- IATA: DTD; ICAO: WALJ;

Summary
- Airport type: Public
- Operator: Government
- Location: Long Pahangai, Mahakam Ulu Regency, East Kalimantan, Indonesia
- Time zone: WITA (UTC+08:00)
- Coordinates: 00°48′37″N 114°31′49″E﻿ / ﻿0.81028°N 114.53028°E

Map
- DTD Location of the airport in Indonesia Borneo

Runways
| Direction | Length |  | Surface |
| m | ft |
| 02/20 | 750 | 2,461 | Paved |
- Source: Direktorat Jenderal Perhubungan Udara

= Datah Dawai Airport =

Datah Dawai Airport is an airport in Long Lunuk, Long Pahangai, Mahakam Ulu Regency, East Kalimantan, Indonesia. It is the only airport in Mahakam Ulu, providing the only air service in the area.
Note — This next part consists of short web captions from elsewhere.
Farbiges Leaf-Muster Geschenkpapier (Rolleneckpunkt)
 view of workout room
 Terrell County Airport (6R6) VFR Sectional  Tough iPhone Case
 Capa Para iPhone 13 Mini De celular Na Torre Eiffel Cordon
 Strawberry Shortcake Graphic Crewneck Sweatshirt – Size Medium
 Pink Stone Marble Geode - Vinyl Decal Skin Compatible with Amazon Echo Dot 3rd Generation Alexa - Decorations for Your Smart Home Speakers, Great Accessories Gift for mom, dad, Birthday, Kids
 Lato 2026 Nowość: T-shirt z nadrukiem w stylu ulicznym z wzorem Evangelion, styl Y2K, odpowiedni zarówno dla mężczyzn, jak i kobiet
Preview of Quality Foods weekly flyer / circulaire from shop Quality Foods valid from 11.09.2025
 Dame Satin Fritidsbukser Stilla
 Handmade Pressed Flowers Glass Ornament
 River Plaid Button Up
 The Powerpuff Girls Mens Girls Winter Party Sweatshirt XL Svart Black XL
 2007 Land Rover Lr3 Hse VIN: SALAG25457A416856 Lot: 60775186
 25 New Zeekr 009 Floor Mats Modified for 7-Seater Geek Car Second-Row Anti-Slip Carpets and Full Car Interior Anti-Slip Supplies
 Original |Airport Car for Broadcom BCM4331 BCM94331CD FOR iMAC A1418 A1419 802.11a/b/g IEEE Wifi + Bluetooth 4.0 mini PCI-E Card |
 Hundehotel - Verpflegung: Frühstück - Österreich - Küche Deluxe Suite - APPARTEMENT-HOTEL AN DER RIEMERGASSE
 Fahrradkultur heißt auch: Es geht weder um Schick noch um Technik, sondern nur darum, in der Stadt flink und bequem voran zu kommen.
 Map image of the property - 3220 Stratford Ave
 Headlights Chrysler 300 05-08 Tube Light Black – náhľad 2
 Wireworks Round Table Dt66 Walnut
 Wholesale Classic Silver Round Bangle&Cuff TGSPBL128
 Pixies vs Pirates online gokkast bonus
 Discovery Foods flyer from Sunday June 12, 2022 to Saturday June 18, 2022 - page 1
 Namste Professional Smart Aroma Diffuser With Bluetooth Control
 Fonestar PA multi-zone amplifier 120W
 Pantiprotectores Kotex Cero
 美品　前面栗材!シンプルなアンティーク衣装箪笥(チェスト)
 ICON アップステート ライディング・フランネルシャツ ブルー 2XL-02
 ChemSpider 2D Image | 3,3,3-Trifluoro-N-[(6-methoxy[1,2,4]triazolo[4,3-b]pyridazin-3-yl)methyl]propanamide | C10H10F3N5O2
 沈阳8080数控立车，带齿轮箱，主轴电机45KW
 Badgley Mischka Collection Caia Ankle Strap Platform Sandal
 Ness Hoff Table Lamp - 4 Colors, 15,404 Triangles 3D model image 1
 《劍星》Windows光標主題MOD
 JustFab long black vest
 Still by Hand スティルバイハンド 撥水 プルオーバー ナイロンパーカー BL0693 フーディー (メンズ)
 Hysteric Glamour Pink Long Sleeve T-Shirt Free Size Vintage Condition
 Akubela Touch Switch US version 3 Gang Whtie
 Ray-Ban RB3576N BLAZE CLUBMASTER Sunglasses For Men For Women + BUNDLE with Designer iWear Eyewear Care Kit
Susi Air has one daily flight from Datah Dawai to Samarinda, for a total of 12 seats daily. The airport was located near Kapuas River, the longest river in Borneo and the longest river in Indonesia. It was surrounded by high trees and green forest.

==Airport==
The airport does not have a radio control tower, and only handles pioneer flights. It is controlled by the local government of Mahakam Ulu Regency, particularly by the Local People's Representative.

In 2013, an upgrade was planned for the airport. In 2015, the runway of the airport was lengthened and upgraded by the Indonesian government. Located near the border of Indonesia and Malaysia, the airport needs serious attention from the local government. The runway of the airport was upgraded from 850 x 23 to 1.600 x 30. Infrastructures near the airport were also upgraded by the local government. The process was done by the help of the Indonesian National Army, through Operation Bhakti Kartika Jaya. A road connecting from Long Bagun, the capital of Mahakam Ulu regency, to the airport, was also built by the Army. At the end of 2015, the upgradation had finished, with aircraft as large as a Lockheed Hercules C-130 and ATR-72 could land at the airport. This would boost the economy of Mahakam Ulu regency. The funding of the sustainability of the airport had been assessed by the local government. They planned to have a land clearing at the airport.

==Airlines and destinations==

| Airlines | Destinations |
|---|---|
| Susi Air | Melak |

==Accidents and incidents==
On 18 November 2000, Dirgantara Air Service Flight 3130 crashed shortly after taking off from Datah Dawai Airport. No one was killed in the crash, but all 18 people on board were injured, 11 seriously. The aircraft was a total loss, with the front section suffered the biggest impact forces. Investigation determined that the plane was overloaded, and the lack of security in Datah Dawai causes a high chances of bribery.